Thursday, September 29, 2011

What do you want, and when do you want it?

It's too bad I'm not the only one who is befuddled about Occupy Wall Street.  I'm pretty darn politically aware, and don't need a lot of hand-holding in approaching social issues, but I'm noticing that I lose interest when it comes to insubstantial ideas.  Yes, I want it to be possible to get by in this country.  I'm very interested in how exactly that can be made to happen, but stuff that is literally impossible is lucky if it gets a shrug from me.  Also, anything with a "Step 2. ?? Step 3. Profit!"

Step 1.  Occupy Wall Street.  Right on.
Step 2. This is what I am missing
Step 3. Thank God it's over.

I don't think that there are too many people unaware of our huge recession.  So it's starting to look like:

Step 1: Underestimate the intelligence of everyone
Step 2: Hey, wtf
Step 3: everyone is mad

What we need awareness of is what we need to do.  The problem is pretty damned obvious.  Though, I do look forward to Reimagine Work, the upcoming conference that seeks a roadmap to an economy that people can live with.  As far as I know, the basic premise is to uncouple income from work.  Now that's interesting.  It's a bit radical for my blood, but something's gotta give.  

4 comments:

Sara E Anderson said...

A note: the title of this post was originally something dumb, and I changed it.
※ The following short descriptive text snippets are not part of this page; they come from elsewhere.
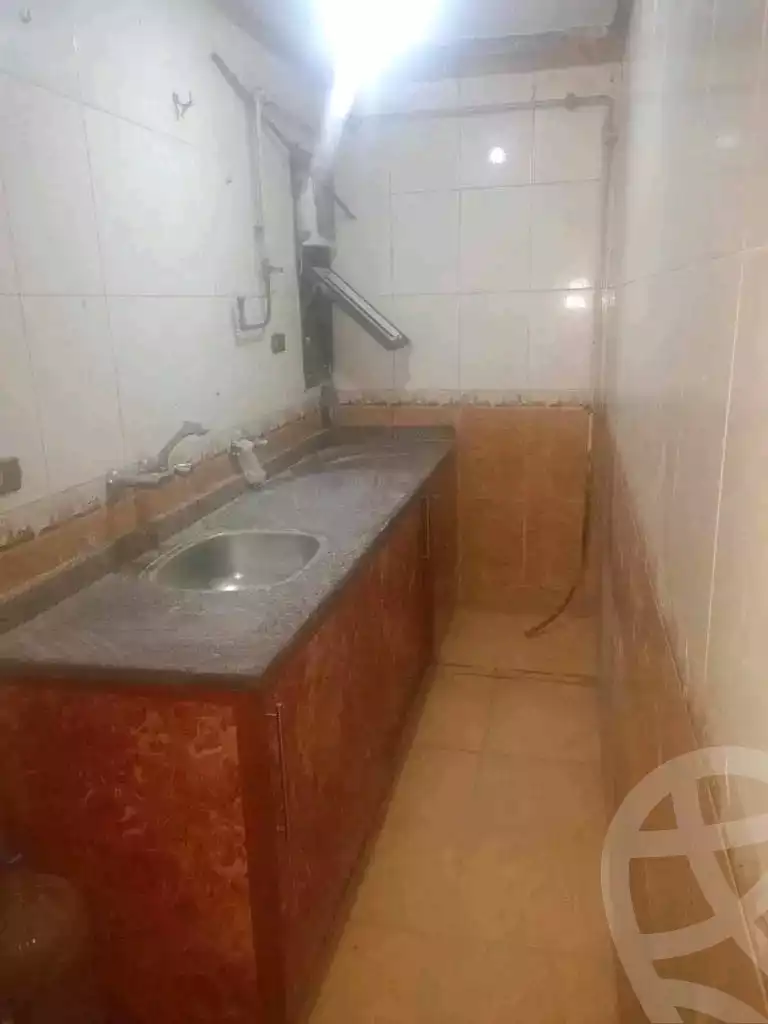 https://aqarmap.com.eg/en/listing/5672935-for-rent-alexandria-l-jmy-lbytsh-el-hay-st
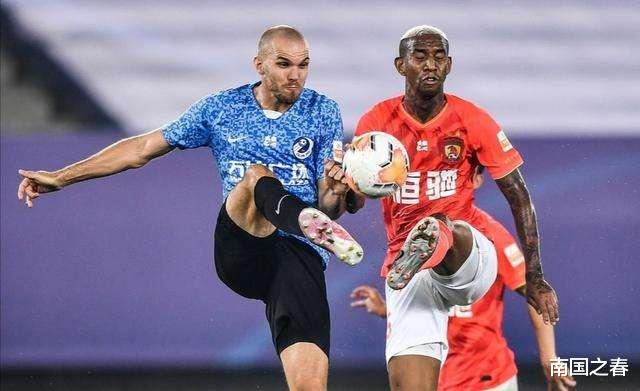 广州恒大|恒大两大“水货”，全场加起来0射门，卡帅对其中一人忍无可忍！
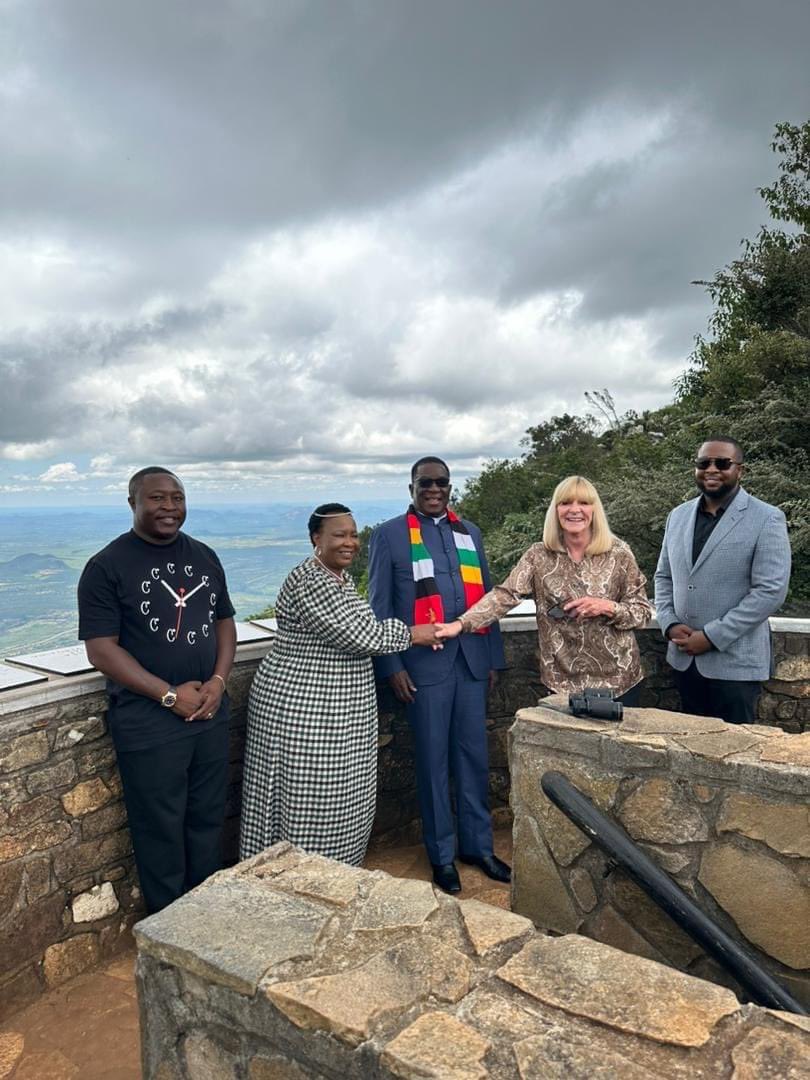 nickmangwana's tweet photo. The First Family is leading from the front in supporting Domestic Tourism. The First Family has taken its holiday in Nyanga, not Dubai, not Seychelles, not any other country, but in our own Zimbabwe. #Uripi? https://t.co/GIwn5Le8Dz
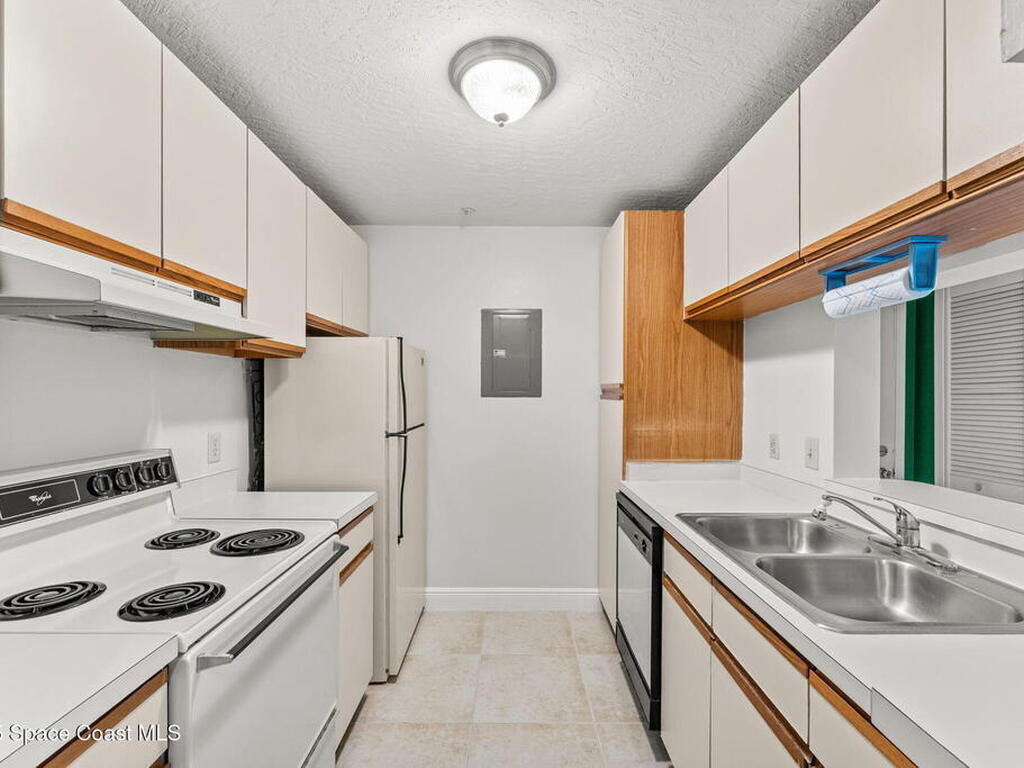 7667 N Wickham Road, Suntree, FL 32940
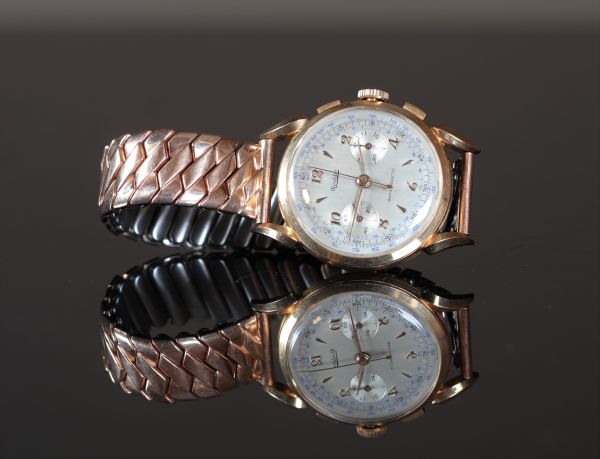 Montre chronographe en or jaune (65.16gr)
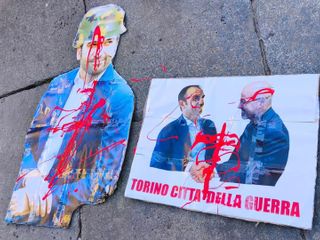 Fiaccolata del 25 aprile (con polemica) a Torino Fiaccolata del 25 aprile (con polemica) a Torino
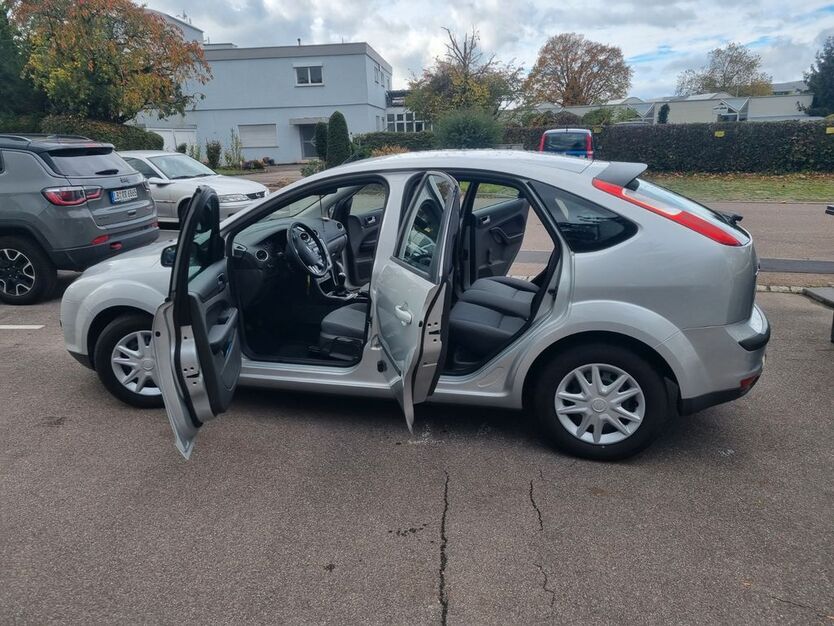 Ford Focus 106.000 km 3.899 € Vaihingen Enz 71665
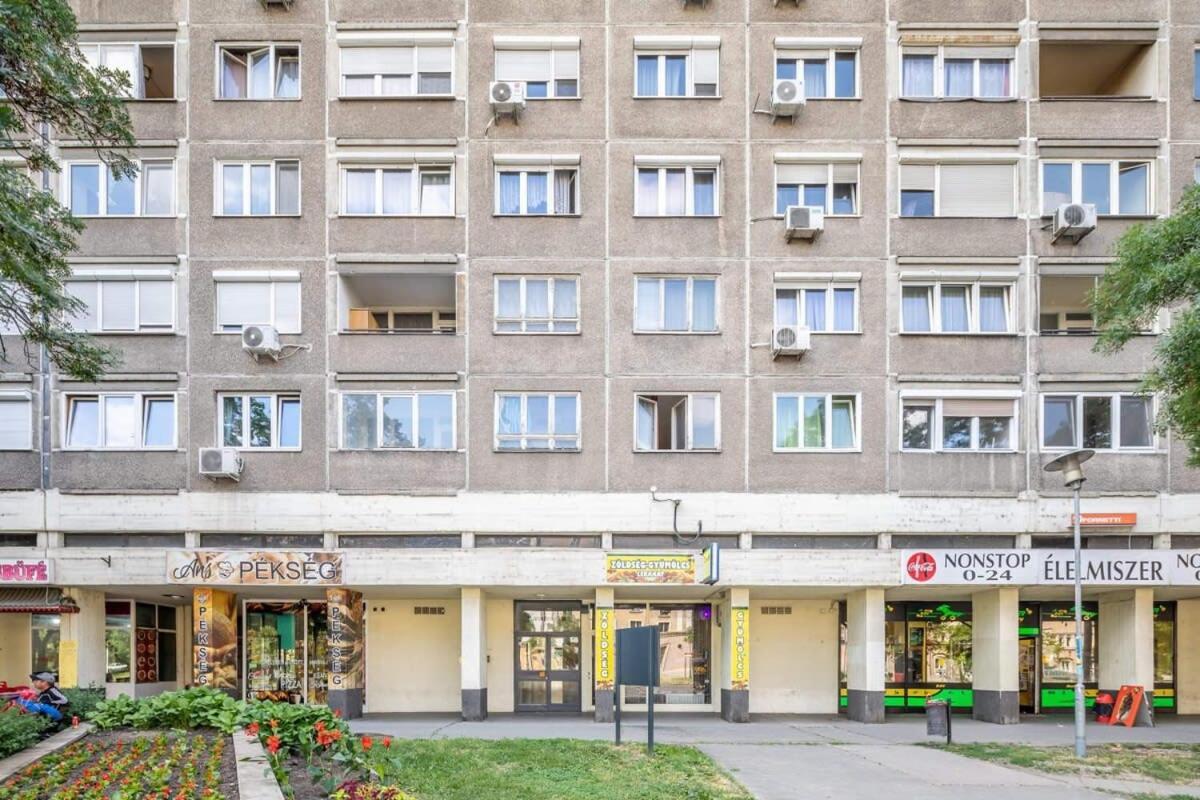 Cozy Quiet Apartment With A Balcony Budapeste Exterior foto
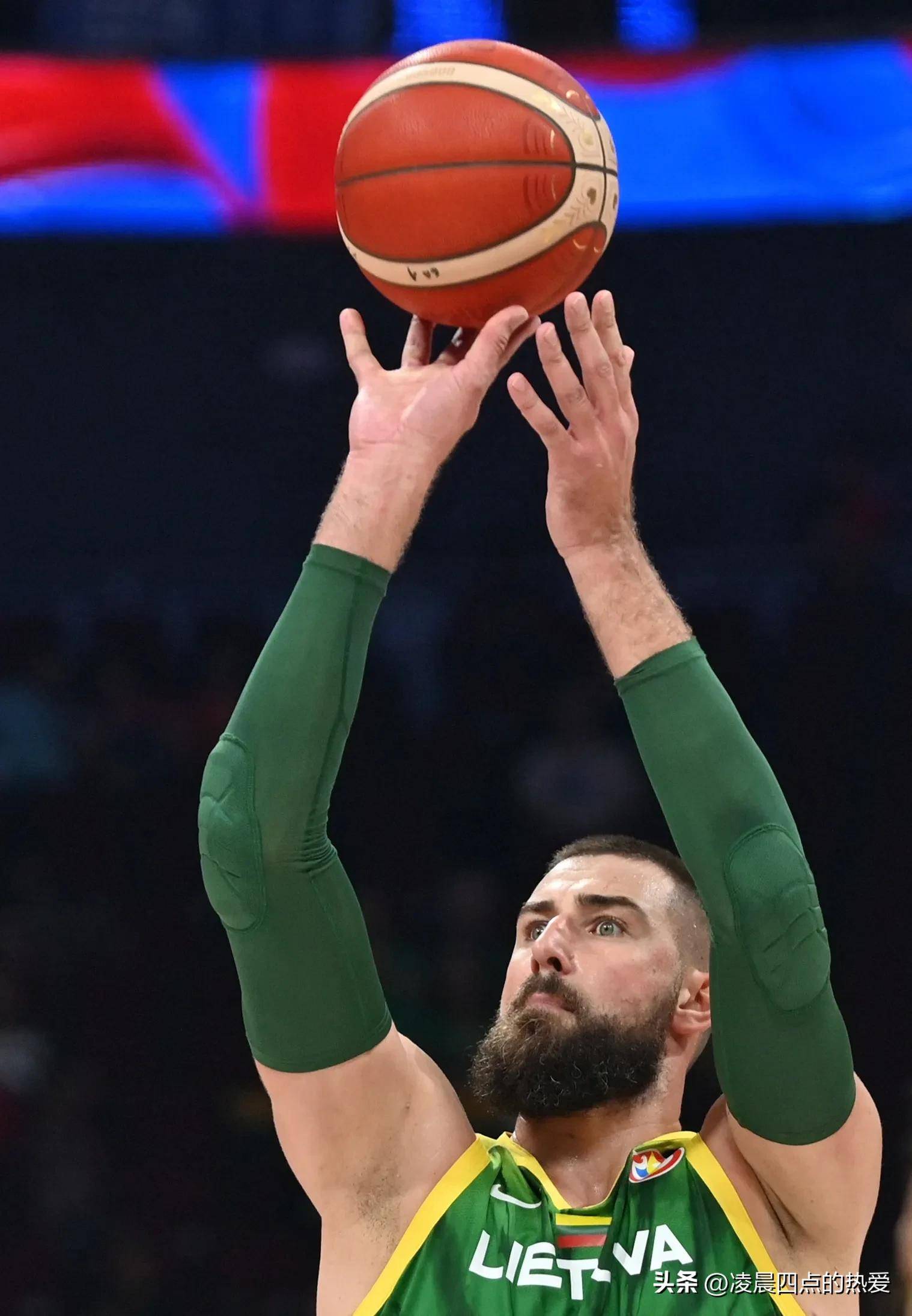 关于中国男篮轻取美国男篮,波特高光表现的信息 关于中国男篮轻取美国男篮,波特高光表现的信息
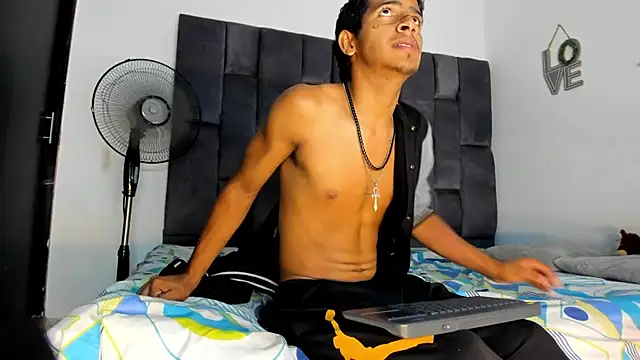 brian_smitth's Webcam Show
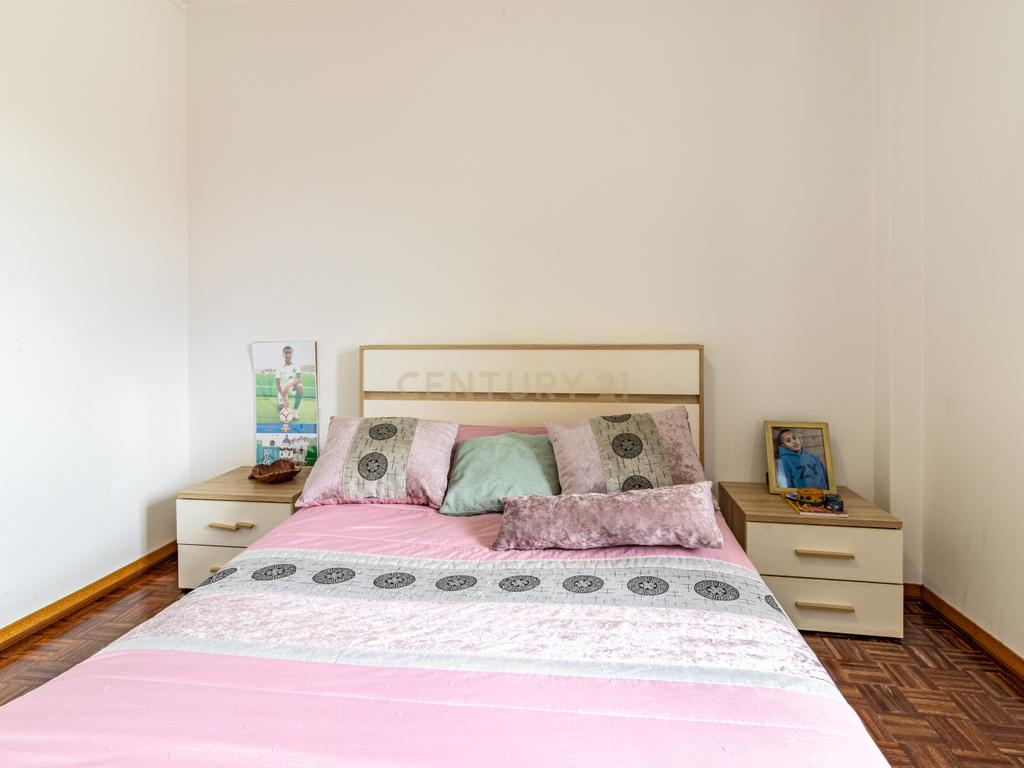 Apartamento T3 com Varanda na Quinta do Conde – 3º Andar - Image 20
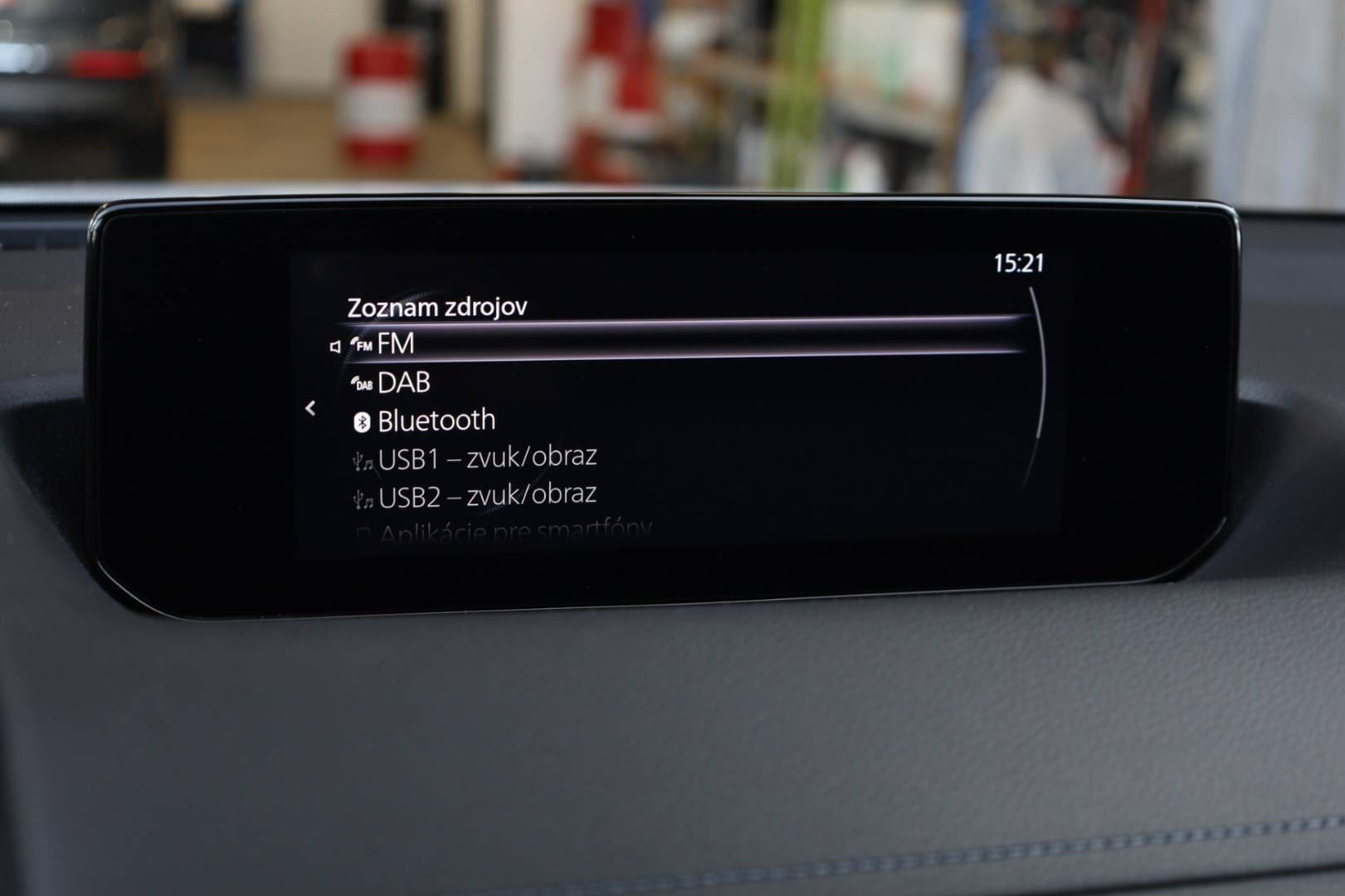 Mazda-MX-30-e-Skyactiv-EV-Advantage-28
I completely changed my concept for this post several times, and the title suffered for it.

ballgame said...

I think the point of the protests is to raise awareness that there really is a Left that exists in this country, and that there are options beyond the This Party Is Batshit Crazy and This Party Sucks But Not Quite As Much box that the media shoves everything into.

I think a lot of people know that the rich are the main ones responsible for fucking up our economy, but they don't know that anyone else knows that, and so the fact just sort of drifts out of their consciousness into the 'fact of life, whaddya gonna do' category. When protests get big enough (and hopefully some smart FDR-like people start working on fixing the system — Elizabeth Warren???), those people realize that what they know isn't just true, but is also relevant.

BTW, Sara, are you still active at Cogitamus? I find it very odd that the protests haven't even been mentioned over there.

Anonymous said...

hi, in germany we have a similar idea "growing", mostly within local parties, call the "bedingunsloses grundeinkommen" (an "unconditional income for everyone)". its first goal is also to cut the income from its relation to the work and ensure that everyone gets some money (people talk about more or less 1500 euro). with this "income" people should be able to life a life in dignity, using the humanitarian voice at this point. there a lot different kinds of this idea, that change on finance or other necessary detials. go look it up, should find english articels about it.

Sara E Anderson said...

I've been trying to warm up to an audience around these parts before stepping back in there. (I also was wondering if it would be weird to just show up again out of nowhere, but what the hell.)

But I think you've got something there. It's not precisely what I'd like, but I'm used to taking what I can get when it comes to politics.